Свобода восприятия во сне, как и наяву, зависит от степени высвобожденности нашей энергии из социальных шаблонов и других силовых взаимодействий. Намерение свободы как таковой не принадлежит полностью ни жизни во сне, ни жизни наяву. Воля к свободе, осознаваемая наяву и создающая психологические установки, жизненные ценности и намерения, происходит и во сне, и, в большей степени, в сновидении, — она практически и рождает как само сновидение, так и волю сновидяшего, его действия и направления этих действий в сновидении. То есть воля в сновидении, будучи продолжением воли наяву, происходит не только как марионетка её, существующая для обогащения нашего обыденного сознания и разворачивания его намерений, но и рождает действие, восприятие и чувство узнавания того, что является исконно необходимым нам, и того, что не принадлежит нам или откровенно чуждо нашей природе. Трудно точно определить энергетический источник сознания вообще и сознания в сновидении, — то ли это личная сила, то ли то, что принято считать сексуальной энергией, сущность или безличная сила ветра Неизвестного, — воля к свободе, присущая основе нашего сознания, и через сновидения проводит этот точно не локализованный энергетический потенциал нашего существования. Проводит, не испрашивая согласия нашего обыденного сознания, но открывая ему его удаленность от по/шинного в себе в мире нашей яви и в мирах, которые мы воспринимаем в наших сновидениях.

 

5. ТОКИ ДОСТОВЕРНОГО ЧУВСТВЕННОГО.

 

Согласно воззрениям толтеков, источником энергии для сновидения является половая энергия. Единственный ли это источник, есть ли другие, — так или иначе, как показывает практика, тот клей, которым скрепляется время и пространство сновидения, та сила, которая делает восприятие во сне непрерывным, пополняется нашей половой силой. Высвобождение этой силы из чувственных иллюзий во сне и наяву — из чувственной несвободы — меняет как все поведение человека в целом, так и вкусы его снов. Распространенное заблуждение — высвободить чувственную силу значит перестать трахаться —приводит, как правило, к задвиганию на задний план или куда нибудь подальше именно насильнических по отношению к собственной природе намерений сновидеть, а не самой чувственной жизни. Чувственность, как сок жизни, будучи вовлечена в конфликт с намерением сновидеть, обедняется и дурно упрощается, лишаясь своей возвышенной стороны, которая существует в свободе и в формах любви. Этот конфликт обедняет и сновидения, потому что энергия нереализованных желаний, насилуемая нашей дурной волей, не высвобождается, а отягощает, портит память, лишает нас живости и вольного интереса к жизни. Так как это нехорошо — обеднять себя и терять интерес к жизни, - лучше высвобождать чувственную силу из форм её существования и захваченности другими силами, целями и людьми.

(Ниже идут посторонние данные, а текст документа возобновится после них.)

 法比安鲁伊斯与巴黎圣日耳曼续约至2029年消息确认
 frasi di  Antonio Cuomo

Социальное регламентирование чувственного начинается с того, что половые органы должны быть скрыты под одеждой, — какая-то часть чувственной силы в действии, поведении вне зон только эротических интересов, фантазиях, ухаживаниях за теми с кем хочется заниматься любовью, или в речи подразумевается естественно скрытой. С точки зрения автора, ходить голышом по улицам городов и деревень не прагматично по ряду причин. Поэтому автор считает здоровым выбором исследование и знание социального регламента чувственного ради возможности уйти от формирования своего тела и судьбы этим регламентом и ради удовольствия отложить его вместе с одеждой. В детстве чувственность — это довербальная цельность, и использование этой цельности пробуется самими детьми для достижения целеймаленьких, но конкретных (конфета, игрушка), или для отстаивания естественной свободы восприятия, поведения и направления исследования мира. Взрослыми эта сила используется для отодвигания их собственных уже закостеневших шаблонов восприятия и бытия. Характерно, что взрослые «в обмен» считают своим долгом предложить, а как правило — навязать, в силу привычки к самоограничению и насилию над собственной волей, собственные знания правил и порядков жизни в социуме.

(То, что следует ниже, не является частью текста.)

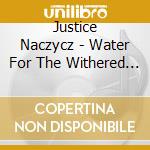 Justice Naczycz - Water For The Withered Root cd musicale di Justice Naczycz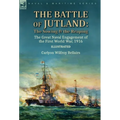 The Battle of Jutland: the Sowing & the Reaping--The Great Naval Engagement of the First World War,1916
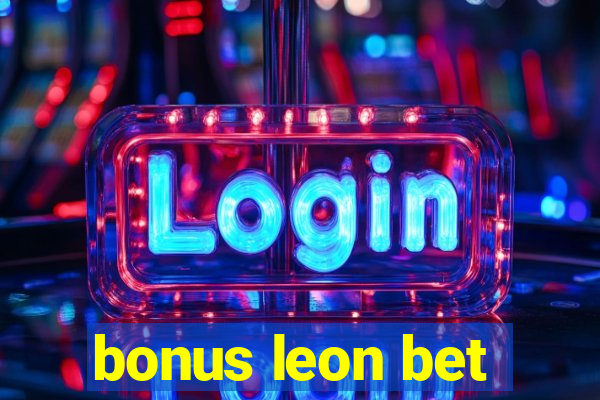 bonus leon bet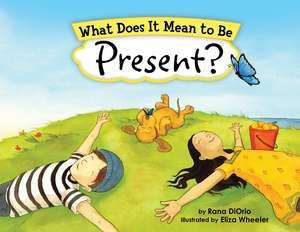 What Does It Mean to Be Present? de Eliza Wheeler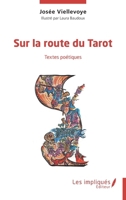 Sur la route du tarot: Textes poétiques (French Edition) 2385412098 Book Cover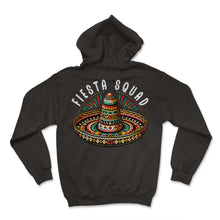 Load image into Gallery viewer, Fiesta Squad Sombrero Mexican Festivity Mexico Cinco De Mayo T Shirt - Hoodie - Black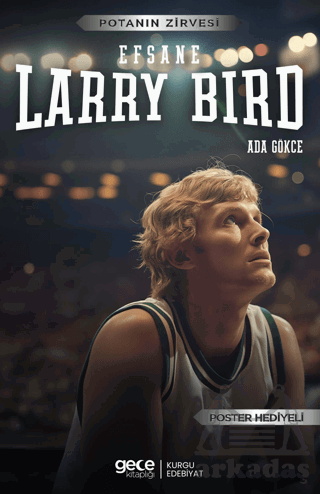 Larry Bird - Efsane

Подростковая чувственность — это исследование форм эротического. Выбор этих форм не имеетпринципиального значения, и энергией мечты и юности наполняются те из них, которые попадают в зону исследования силой обстоятельств. Чистота подростковой и юношеской чувственности происходит и из исконной загадки человеческого существа, и от отсутствия социального давления, принуждающего к полному принятию той или иной формы чувственности со всем историческим флером, который есть у каждого социального способа близости. Тело ещё только «примеряется» и обычно почти безболезненно реагирует на места, в которых «жмет», и на то, что можно будет узнать только в процессе «ношения» той или иной формы. Шансы встретиться с махровым мраком рано проявляются у современных молодых людей, и эти встречи меняют направления мечты и жизни, занижают область проецирования и свободы, но, кроме тех случаев, когда что-то ломается, это все ещё мечта, даже если у неё уже блатные замашки. Принуждение к социальному регламентированию чувственного в основном репрессивно, поскольку радость чувственного продолжает нашу природную силу и изначально принадлежит ей. Услуги социального регламента и форм чувственных соглашений с другими людьми состоят в способе организации нашей энергии и, -пока мы забываем разбудить в себе того, кто глубоко поймет и нас самих, и других, — в способе равновесия наших отношений с другими людьми. Социальный регламент чувственного — очень дорогостоящий посредник, и обычно цена этого посредничества оправдывается тем, что зоны, к которым он дает или навязывает нам карту, есть зоны жизни и смерти и выбор в этих зонах — это выбор судьбы. Основной недостаток такой карты в том, что какую действительность вы бы ни выбрали во всем разнообразии её ландшафтов от двуяйцевых до одноматочных, вы должны прирасти к той последовательности событий и снов, которая, по указаниям этой карты, начинается с прожитого вами опыта, а поиметь вам придеться последствия уже не столько чувственного, сколько воли потоков общественной энергии.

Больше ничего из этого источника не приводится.